So what does all this mean? It means that while in reality there is more and more ‑‑ more specifics, there is a certain amount of uncertainty within enterprise organisations, well, can I be sure that when I do something, when I announce something longer than /22 this will be routed? Which leads to certain decisions, which are from my perspective unfortunate for everybody. As we have a tragedy of comments here. There is the overall goal could be have a tidy, clean, Internet routing space, whereas specific organisations looking at this might be tempted, and this is what we actually see, to reserve as much as possible, like going for a /29 instead of 32, which is default policy within RIPE anyway, but the bigger we get, the higher the chance it gets routed. They do so at most RIRs in the world, so I know a number of organisation which have applied for address space at APNIC and ARIN as well, even some at ‑‑ even one at AfriNIC, get whatever you can get, as it increases our chances of being routed which is certainly not in the interests of the community, which leads to the question, what can be done actually? Discuss the problem, which is exactly why I am here. Solve it by policy. This hasn't worked too well in the past, I am not sure if this work here. Solve it commercially like have them who wants to advertise more specific, pay extra fee to the individual carriers or to fund of ‑‑ to be shared amongst everybody. Wait and hope the problem goes away. Apparently this could be done given the trend toward ‑‑ points towards more specifics being seen anyway. Or others like what they did with BCOP and aggregation. Actually, I would like for this talk to take the first route, which is discuss the problem, make everybody aware there is a conflict of interest and an issue that arises from this and I would like to suggest why not try the consensus on /40, which keeps the deaggregation small and still allows organisations to do certain things they are required to do with different data centres and so on. This could be a starting point for a discussion. For the moment, we think if this is not discussed, this conflict of interest and the developments which happen out there, in the end of the day this is bad for IPv6 deployment as a whole.
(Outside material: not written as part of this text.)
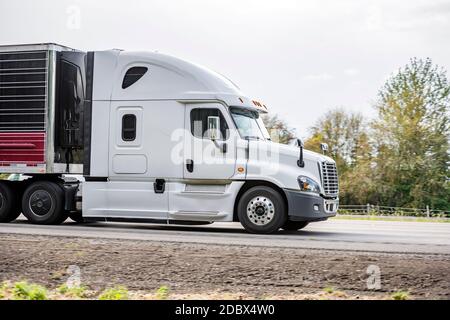 Lato del cofano potente carro bianco grande a lunga percorrenza industriale semirimorchio di grado con unità frigorifero sulla semirimorchio refrigerata rimorchio in esecuzione sull'hig Foto Stock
Thanks for your attention.
Obviously, we have a strict schedule so I am not sure how much we can discuss right now.
GERT DORING: Author of the quoted filtering recommendation. I am actually not sorry to have done this 12 years ago because it was a good starting point for discussions that needed to happen and I hope that some BCOP group would pick it up and care for it. But anyway. People that follow that document might have noticed it now points to the routing registries and said accepts what is in there and don't do strict length filtering. But that is not the point why I got up. As far as permit eight additional bits for deaggregation, there is a document that the routing Working Group produced a couple of years ago about aggregation and deaggregation recommendations and maybe it's time to rewrite that one because back at that time there was some, I think, I remember some six bits recommendation, which never made it into formal text because the Working Group couldn't agree on what we want and whatnot. Which, back at that time, we were lacking the experience to understand what is good, what is bad. Maybe we still lack that.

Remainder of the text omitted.